◆ Your instructions
The response must consist of the lines from the one holding "大鍋裡熬著湯底，可見烤過的番茄、洋蔥、蒜頭與青蔥" through the final line of the entries, given again exactly and without any pictures.

◆ Recorded data
++++++++++++++++++++

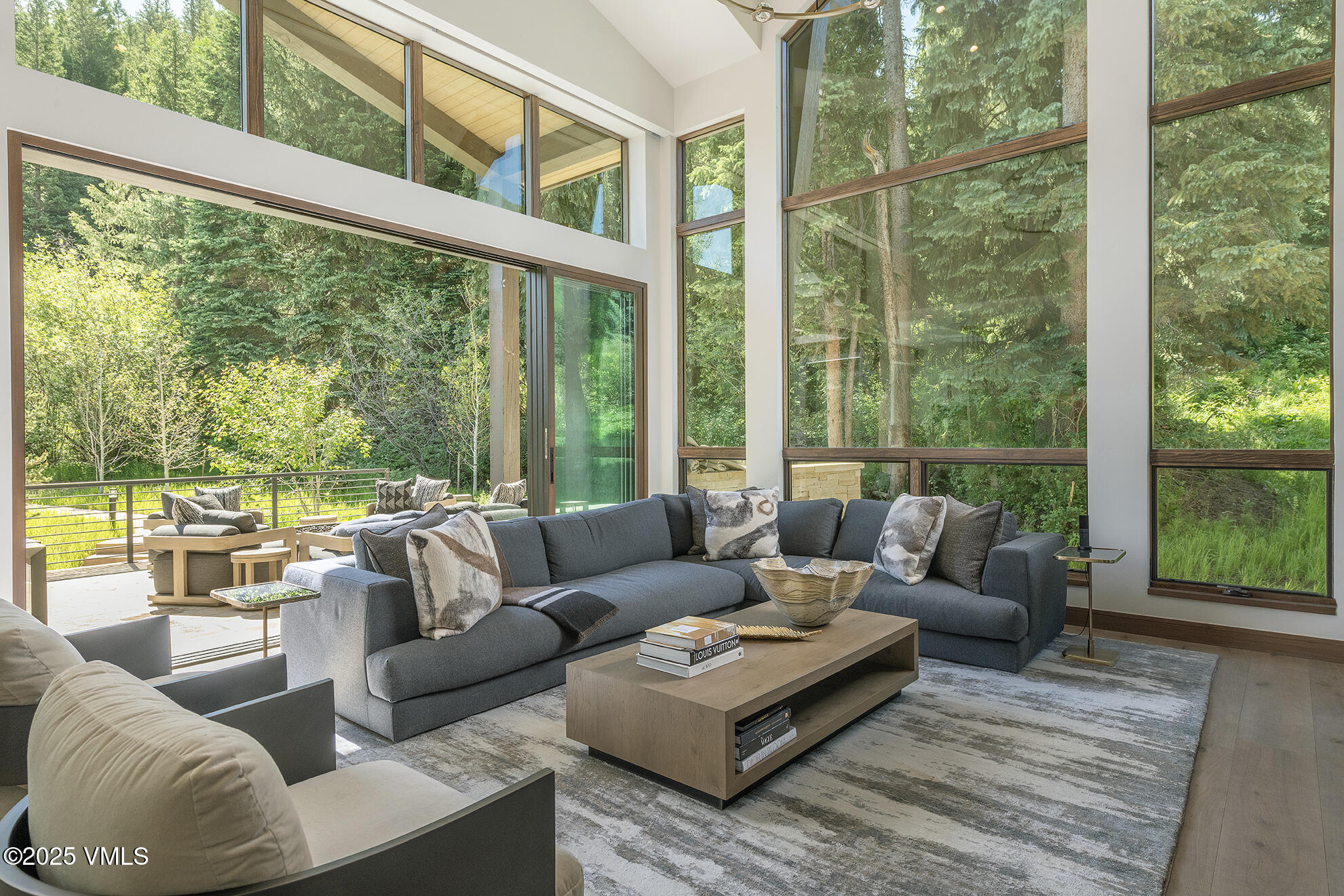 187 Elk Track Road Beaver Creek, CO 81620 - Photo 7 of 19 a living room with furniture and a large window
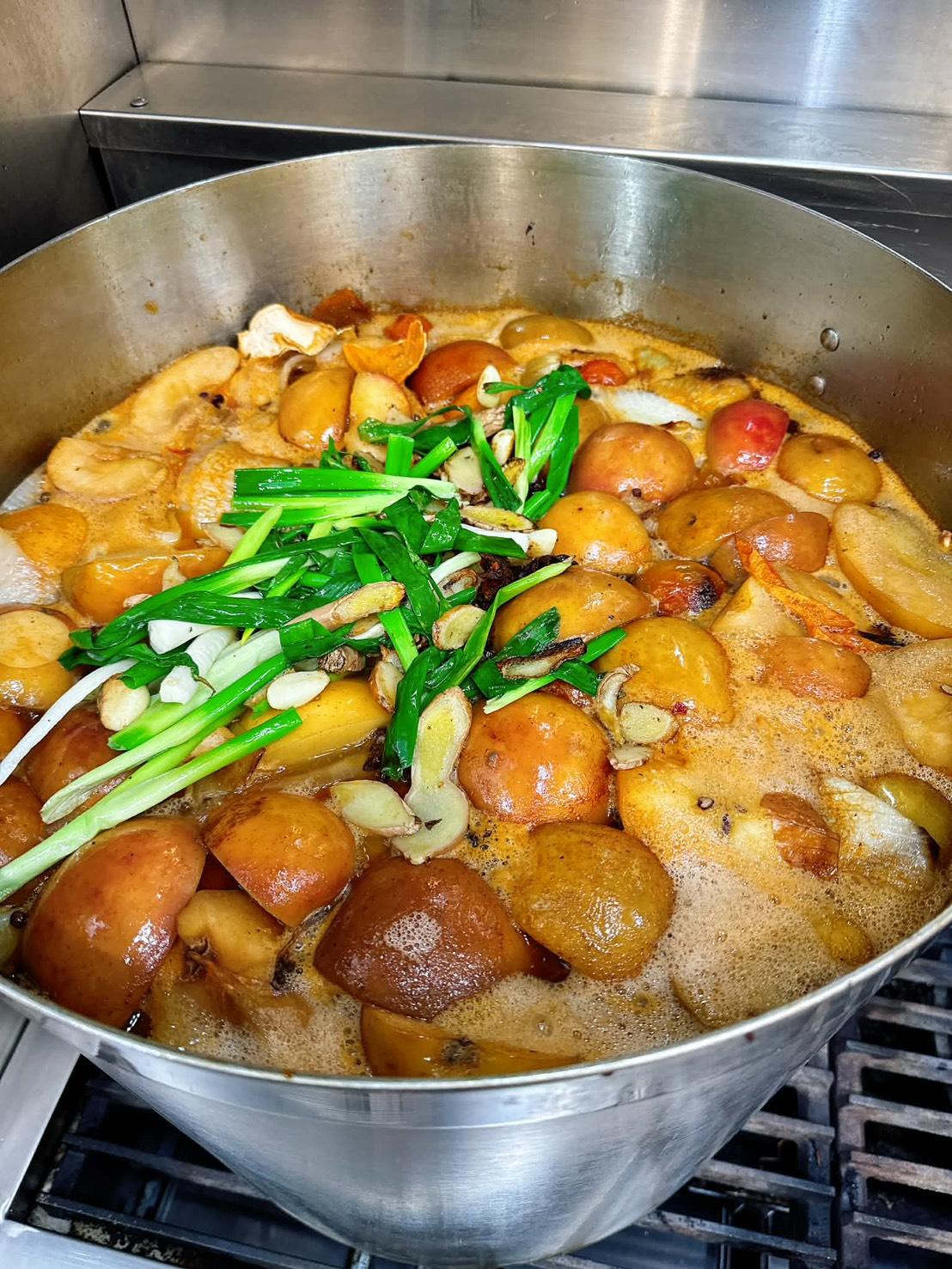 大鍋裡熬著湯底，可見烤過的番茄、洋蔥、蒜頭與青蔥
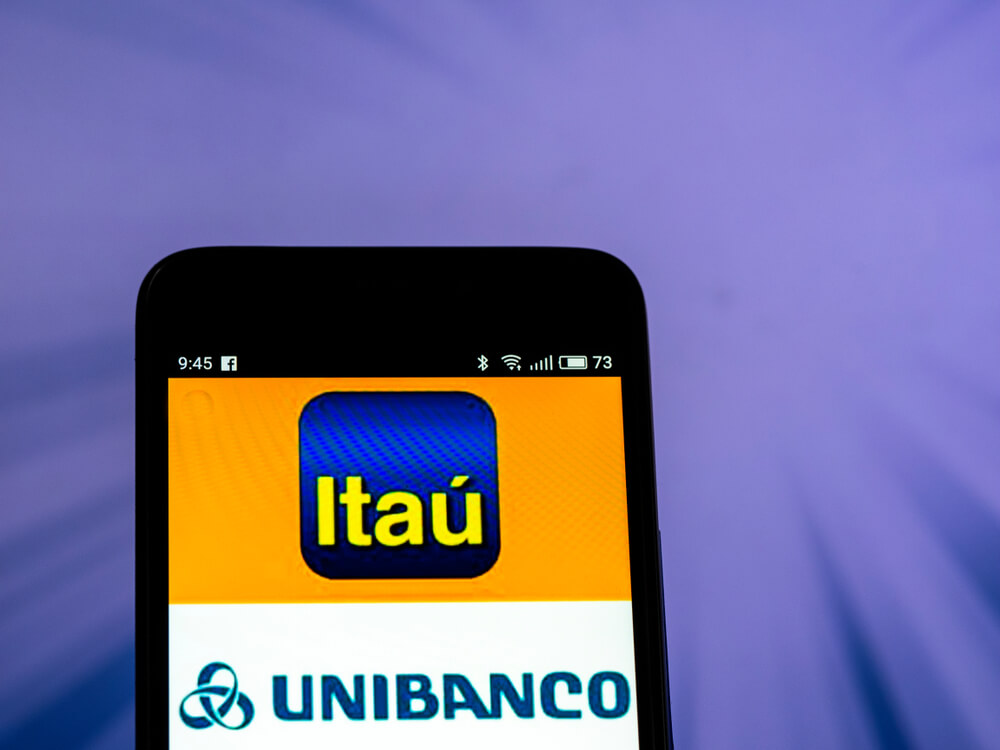 tela de smartphone com imagens de logo das empresas Itaú e Unibanco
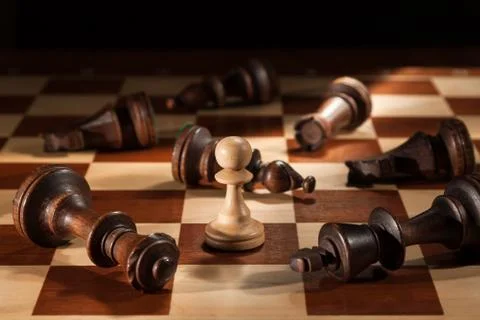 Chess. A white pawn stands on a chessboard among the lying black figures. Stock Photos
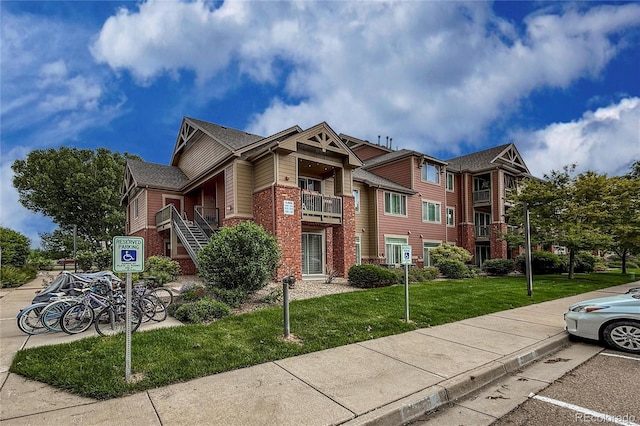 804 Summer Hawk Dr Unit 5105, Longmont, CO 80504 - view of building exterior featuring uncovered parking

++++++++++++++++++++

◆ Answer for the task
 大鍋裡熬著湯底，可見烤過的番茄、洋蔥、蒜頭與青蔥
 tela de smartphone com imagens de logo das empresas Itaú e Unibanco
 Chess. A white pawn stands on a chessboard among the lying black figures. Stock Photos
 804 Summer Hawk Dr Unit 5105, Longmont, CO 80504 - view of building exterior featuring uncovered parking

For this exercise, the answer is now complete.